Characterization of Lie centralizable mappings on B(X)
Behrooz Fadaee, Hoger Ghahramani, Ayyoub Majidi
TL;DR
The paper characterizes additive Lie centralizable mappings on $\mathcal{B}(\mathcal{X})$ at a fixed $W$ with $\overline{W(\mathcal{X})} \neq \mathcal{X}$ and $W$ not a scalar multiple of the identity. It proves an if-and-only-if description: $(\mathbf{L}_{W})$ holds exactly when $\phi(A)=kA+h(A)$ with $k\in\mathbb{C}$ and $h:\mathcal{B}(\mathcal{X})\to \mathbb{C}I$ additive satisfying $h([A,B])=0$ for all $A,B$ with $AB=W$, and further shows that, in the invertible-central case, $\phi(A)=\lambda A+\mu(A)$ with $\mu([A,B])=0$ for $AB=\xi I$. The proofs rely on Pierce-type decompositions, block-operator analysis, and properties of prime algebras and the extended centroid, unifying and extending prior results for $W=0$ and nontrivial idempotents.
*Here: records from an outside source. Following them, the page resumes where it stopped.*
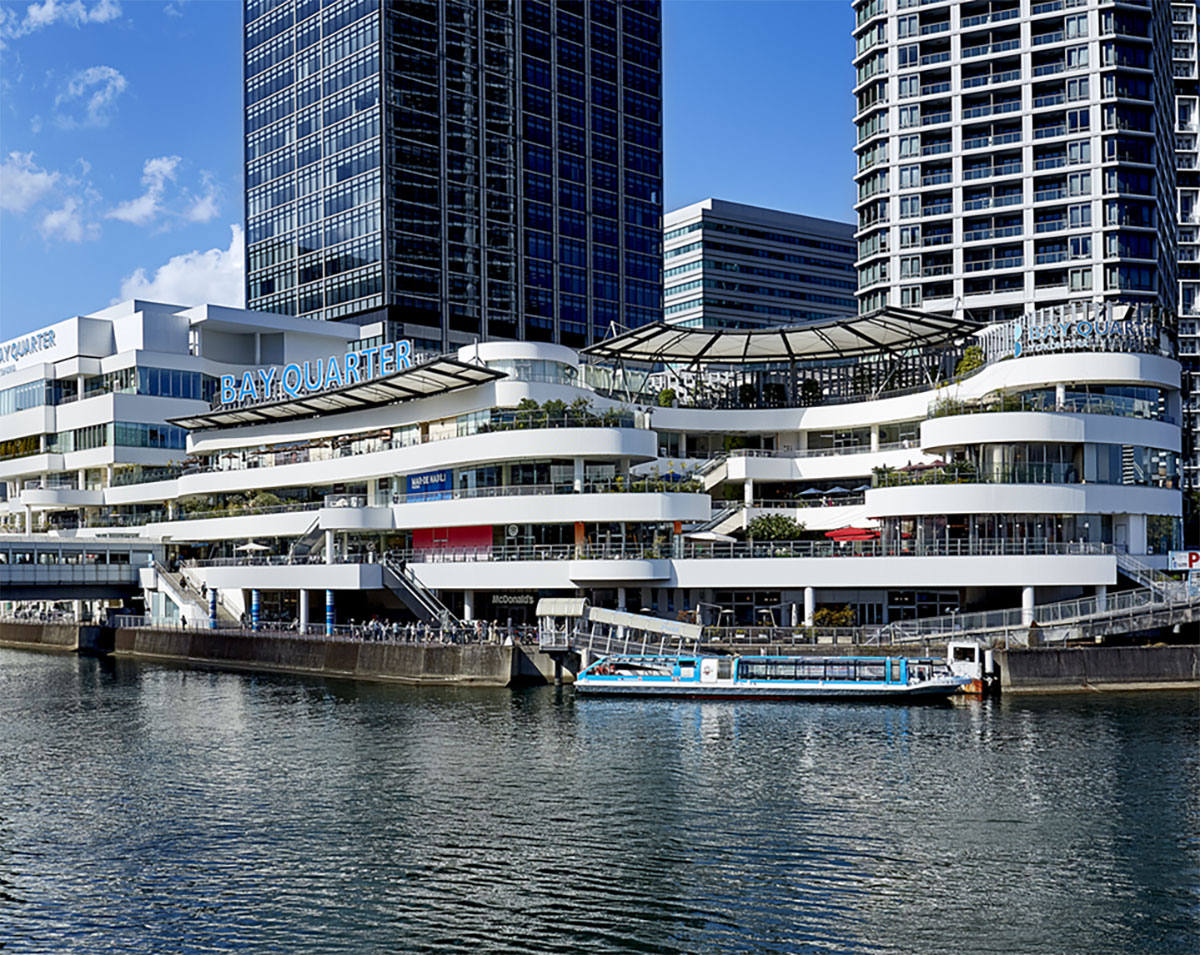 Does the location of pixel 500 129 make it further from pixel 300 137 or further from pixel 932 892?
pixel 932 892

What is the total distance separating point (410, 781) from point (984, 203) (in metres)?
109

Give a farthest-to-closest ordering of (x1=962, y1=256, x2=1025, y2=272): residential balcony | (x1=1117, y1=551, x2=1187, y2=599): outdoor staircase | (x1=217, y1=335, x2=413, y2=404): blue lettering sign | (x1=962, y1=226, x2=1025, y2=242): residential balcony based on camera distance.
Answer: (x1=962, y1=226, x2=1025, y2=242): residential balcony
(x1=962, y1=256, x2=1025, y2=272): residential balcony
(x1=217, y1=335, x2=413, y2=404): blue lettering sign
(x1=1117, y1=551, x2=1187, y2=599): outdoor staircase

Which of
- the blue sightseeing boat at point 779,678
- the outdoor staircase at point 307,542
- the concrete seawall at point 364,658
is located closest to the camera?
the blue sightseeing boat at point 779,678

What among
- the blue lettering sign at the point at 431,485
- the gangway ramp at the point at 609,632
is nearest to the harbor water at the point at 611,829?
the gangway ramp at the point at 609,632

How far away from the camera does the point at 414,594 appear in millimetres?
91188

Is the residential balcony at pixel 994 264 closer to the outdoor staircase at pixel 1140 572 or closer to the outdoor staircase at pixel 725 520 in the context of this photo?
the outdoor staircase at pixel 725 520

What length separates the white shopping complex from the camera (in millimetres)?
82188

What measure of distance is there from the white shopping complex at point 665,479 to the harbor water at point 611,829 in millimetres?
17311

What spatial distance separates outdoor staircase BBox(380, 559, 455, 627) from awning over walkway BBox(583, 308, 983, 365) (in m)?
24.3

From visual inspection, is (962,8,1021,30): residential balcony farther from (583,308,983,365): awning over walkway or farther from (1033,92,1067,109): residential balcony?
(583,308,983,365): awning over walkway

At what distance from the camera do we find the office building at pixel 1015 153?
5335 inches

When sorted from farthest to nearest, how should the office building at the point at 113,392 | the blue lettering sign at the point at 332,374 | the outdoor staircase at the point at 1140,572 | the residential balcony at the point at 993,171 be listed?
the residential balcony at the point at 993,171 < the office building at the point at 113,392 < the blue lettering sign at the point at 332,374 < the outdoor staircase at the point at 1140,572

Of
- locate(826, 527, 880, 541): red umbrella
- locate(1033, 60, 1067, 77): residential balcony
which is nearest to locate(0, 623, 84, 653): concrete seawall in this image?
locate(826, 527, 880, 541): red umbrella

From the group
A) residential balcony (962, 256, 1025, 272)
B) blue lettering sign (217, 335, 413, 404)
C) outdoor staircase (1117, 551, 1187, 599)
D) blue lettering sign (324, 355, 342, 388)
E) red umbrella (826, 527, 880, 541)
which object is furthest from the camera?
residential balcony (962, 256, 1025, 272) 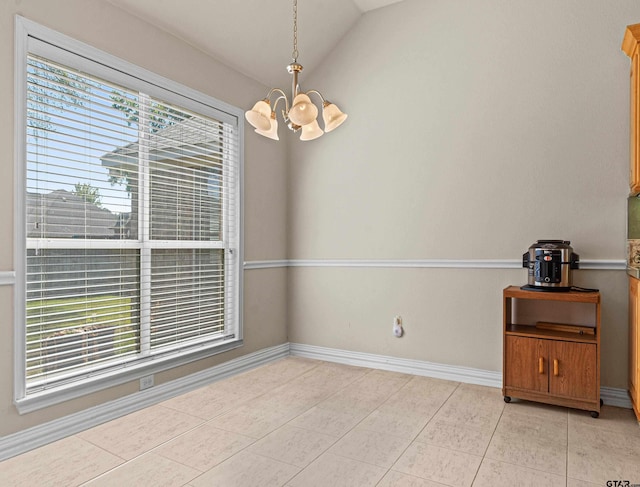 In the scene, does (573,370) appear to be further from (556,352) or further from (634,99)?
(634,99)

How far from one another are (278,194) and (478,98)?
1.96 meters

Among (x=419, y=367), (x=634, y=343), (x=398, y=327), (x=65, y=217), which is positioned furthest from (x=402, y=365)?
(x=65, y=217)

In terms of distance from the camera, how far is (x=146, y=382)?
2.95 m

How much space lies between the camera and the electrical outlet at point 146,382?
2920 millimetres

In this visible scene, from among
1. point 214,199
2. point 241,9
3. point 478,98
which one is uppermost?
point 241,9

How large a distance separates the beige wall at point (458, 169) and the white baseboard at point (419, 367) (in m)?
0.06

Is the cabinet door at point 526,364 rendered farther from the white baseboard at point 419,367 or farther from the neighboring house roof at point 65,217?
the neighboring house roof at point 65,217

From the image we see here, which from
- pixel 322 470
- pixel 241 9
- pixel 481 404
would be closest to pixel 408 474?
pixel 322 470

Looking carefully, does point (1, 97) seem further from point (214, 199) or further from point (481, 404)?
point (481, 404)

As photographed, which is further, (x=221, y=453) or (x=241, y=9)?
(x=241, y=9)

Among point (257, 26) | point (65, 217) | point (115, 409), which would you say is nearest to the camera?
point (65, 217)

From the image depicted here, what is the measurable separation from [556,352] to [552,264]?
58 centimetres

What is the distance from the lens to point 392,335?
3.78 metres

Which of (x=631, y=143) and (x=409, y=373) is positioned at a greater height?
(x=631, y=143) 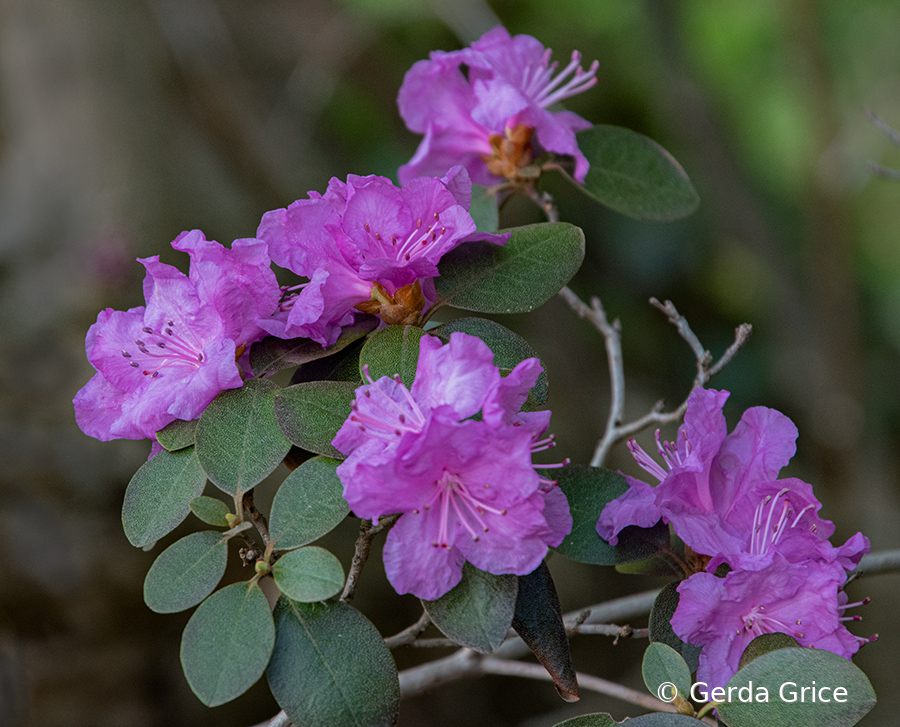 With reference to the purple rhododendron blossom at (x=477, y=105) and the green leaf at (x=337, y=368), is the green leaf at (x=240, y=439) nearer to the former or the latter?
the green leaf at (x=337, y=368)

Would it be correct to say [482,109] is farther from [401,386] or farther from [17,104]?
[17,104]

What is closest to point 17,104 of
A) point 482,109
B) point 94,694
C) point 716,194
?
point 94,694

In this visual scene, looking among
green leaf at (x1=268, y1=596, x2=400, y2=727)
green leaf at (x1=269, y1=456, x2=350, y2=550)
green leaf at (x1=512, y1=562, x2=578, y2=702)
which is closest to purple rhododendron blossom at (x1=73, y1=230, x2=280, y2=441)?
green leaf at (x1=269, y1=456, x2=350, y2=550)

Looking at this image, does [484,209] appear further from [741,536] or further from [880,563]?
[880,563]

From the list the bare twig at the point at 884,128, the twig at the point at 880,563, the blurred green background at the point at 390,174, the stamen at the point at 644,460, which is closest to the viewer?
the stamen at the point at 644,460

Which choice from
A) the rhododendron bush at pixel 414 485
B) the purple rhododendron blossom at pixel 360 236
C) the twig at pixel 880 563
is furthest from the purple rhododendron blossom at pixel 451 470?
the twig at pixel 880 563

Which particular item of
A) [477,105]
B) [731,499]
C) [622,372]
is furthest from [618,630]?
[477,105] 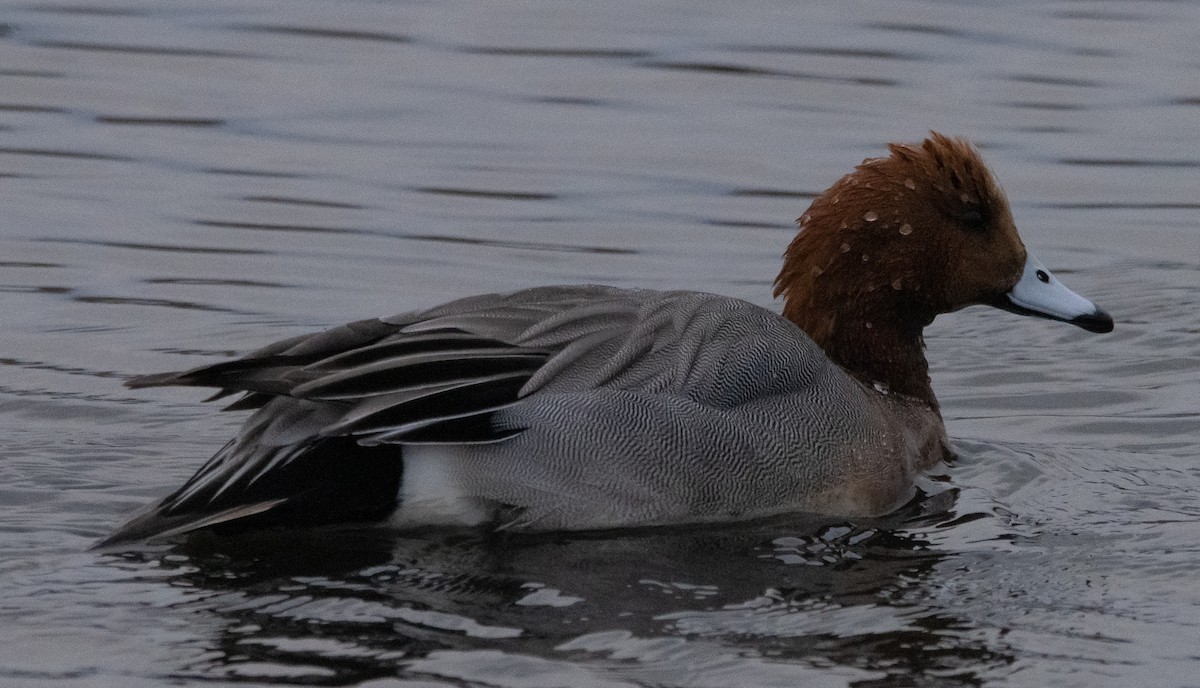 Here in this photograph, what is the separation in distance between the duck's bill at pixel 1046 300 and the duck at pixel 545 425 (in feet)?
2.11

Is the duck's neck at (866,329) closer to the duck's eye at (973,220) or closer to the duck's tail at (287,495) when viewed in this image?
the duck's eye at (973,220)

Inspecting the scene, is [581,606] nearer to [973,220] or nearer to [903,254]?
[903,254]

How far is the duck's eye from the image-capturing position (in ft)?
21.1

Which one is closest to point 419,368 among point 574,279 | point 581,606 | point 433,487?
point 433,487

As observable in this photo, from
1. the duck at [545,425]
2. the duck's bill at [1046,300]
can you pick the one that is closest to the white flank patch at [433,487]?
the duck at [545,425]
These results elucidate the Lie structure of $\mathcal{B}(\mathcal{X})$ and advance the understanding of local Lie centralizers in operator algebras.
Abstract
Assume that B(X) is the algebra of all bounded linear operators on a complex Banach space X, and let W in B(X) is such that cl(W(X)) is not equal to X or W=zI, where z is a complex number and I is the identity operator. We show that if f: B(X) --> B(X) is an additive mapping Lie centralizable at W, then f(A)=kA+h(A) for all A in B(X), where k is a complex number and h:B(X)--> CI is an additive mapping such that h([A,B])=0 for all A,B in B(X) with AB=W.